Personal information
- Date of birth: April 21, 1990 (age 35)
- Place of birth: Liancourt, Haiti
- Height: 5 ft 10 in (1.78 m)
- Position: Defender

Senior career*
- Years: Team / Apps / (Gls)
- 2006–2009: Baltimore SC
- 2009–2010: SC Mirandela / 4 / (0)
- 2010: Austin Aztex FC / 3 / (0)
- 2011–2012: Orlando City SC / 34 / (2)
- 2013–2014: Sporting Kansas City / 12 / (0)
- 2014: Montreal Impact / 0 / (0)
- 2015: Charlotte Independence / 17 / (0)
- 2015–2018: Jacksonville Armada / 81 / (3)
- 2019–2021: El Paso Locomotive / 51 / (0)
- 2022–2023: Indy Eleven / 55 / (0)
- 2024: Union Omaha / 19 / (1)

International career^{‡}
- 2008–2022: Haiti / 80 / (4)

= Mechack Jérôme =

Haitian footballer (born 1990)

Mechack Jérôme (born April 21, 1990) is a Haitian professional footballer.

==Club career==
Jérôme played for Baltimore in the Ligue Haïtienne, and then for Mirandela in the Portuguese Second Division, before being spotted by Austin Aztex head coach Adrian Heath while playing for the Haiti national team in a friendly match against the Aztex on April 28, 2010.

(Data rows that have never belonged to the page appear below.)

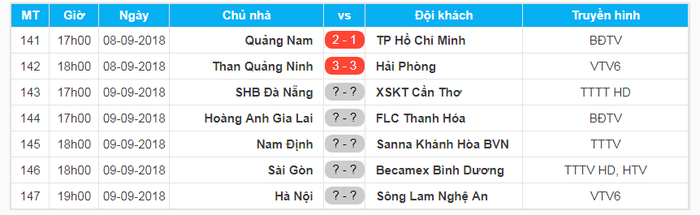 CLB Hà Nội vs Sông Lam Nghệ An: Khi lịch sử gọi tên  - Ảnh 4.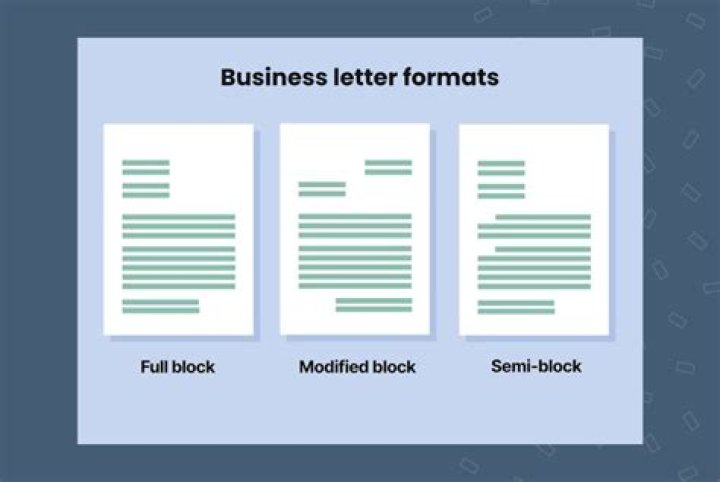 What are the 5 types of business letters?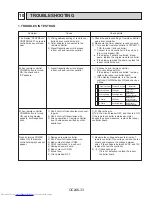 Предварительный просмотр 33 страницы Mitsubishi Electric Mr.Slim PL42AK User Manual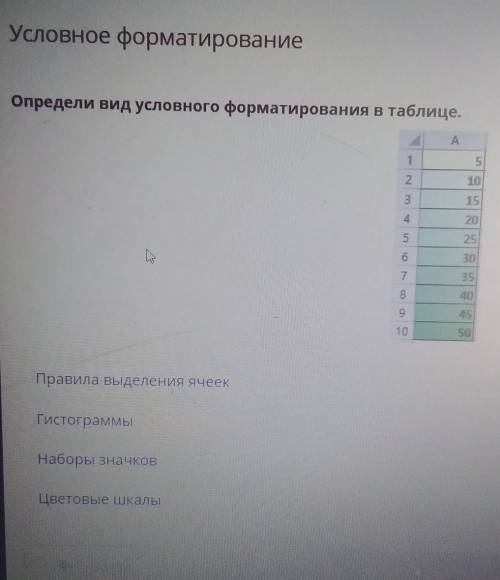 Определи вид условного форматирования в таблице.​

Jérôme signed for the Aztex in June 2010 and made his debut for the team on September 11, 2010, in a 3–1 loss to the Puerto Rico Islanders. Prior to the 2011 season, new owners purchased the club, moved it to Orlando, Florida, renamed it Orlando City and joined the USL Pro league for 2011.

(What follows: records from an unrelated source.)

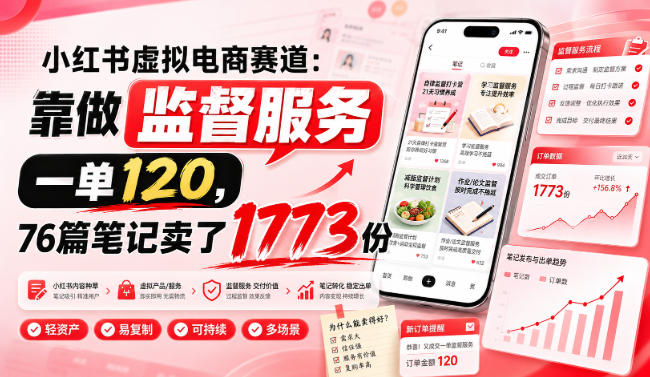 小红书虚拟电商赛道：靠做监督服务，一单120，76篇笔记卖了1773份-万象聊项目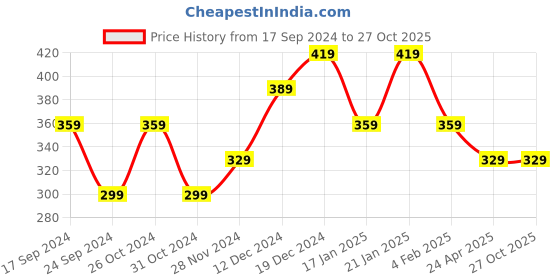 myntra.com I Jewels Maroon & Silver-Toned Circular Studs Earrings i jewels Price History Graph from 17 Sep 2024 to 27 Oct 2025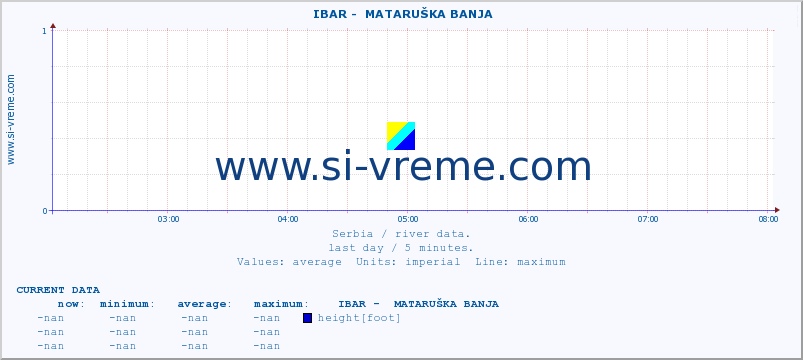  ::  IBAR -  MATARUŠKA BANJA :: height |  |  :: last day / 5 minutes.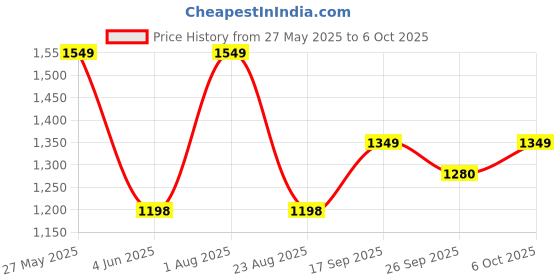 myntra.com VredeVogel Women Embroidered Regular Kurta with Trousers & With Dupatta vredevogel Price History Graph from 27 May 2025 to 6 Oct 2025
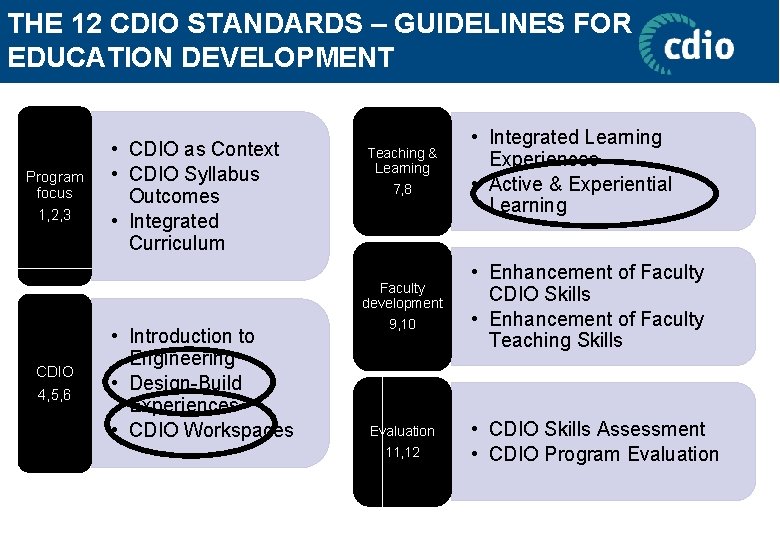 THE 12 CDIO STANDARDS – GUIDELINES FOR EDUCATION DEVELOPMENT Program focus 1, 2, 3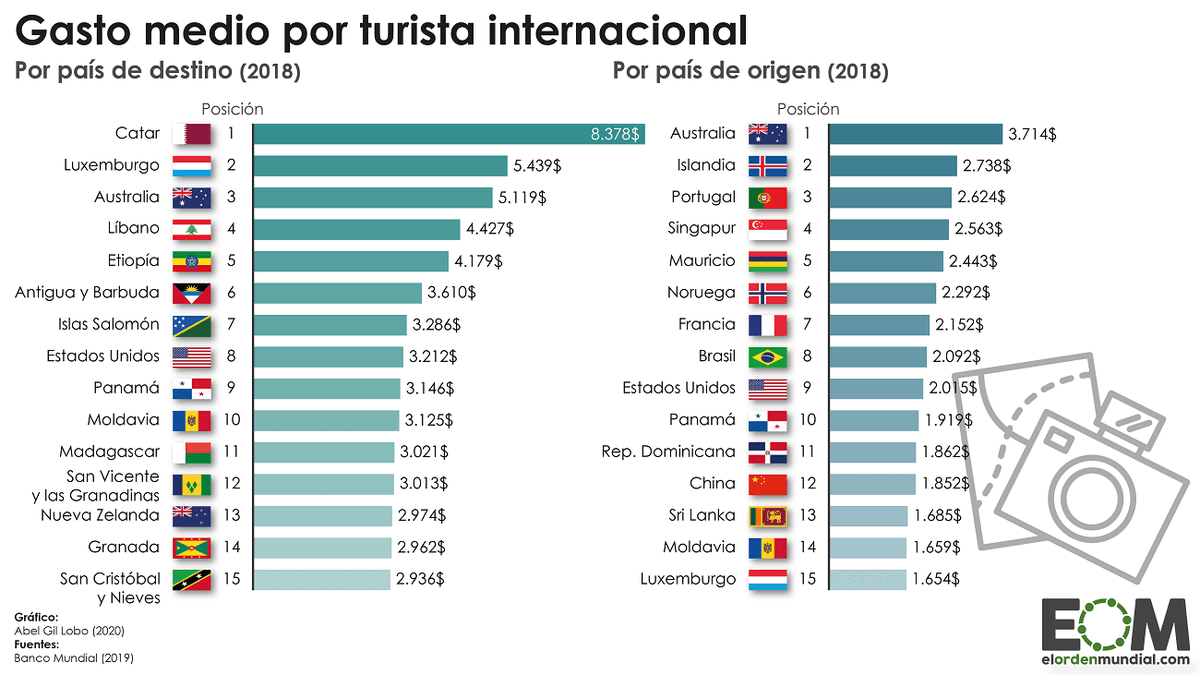 Para analizar la importancia del turismo en la economía no solo hay que Para analizar la importancia del turismo en la economía no solo hay que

He signed a multi-year contract with Orlando City on September 1, 2011.

Jérôme was signed by Sporting Kansas City of Major League Soccer on February 28, 2013. The club released him on March 31, 2014.

On June 6, 2014, he signed with Montreal Impact. He was released three weeks later.

Jérôme signed with Charlotte Independence of United Soccer League on May 1, 2015. He then signed with Jacksonville Armada FC of the North American Soccer League in September 2015. Two months later he re-signed with Jacksonville for the 2016 season.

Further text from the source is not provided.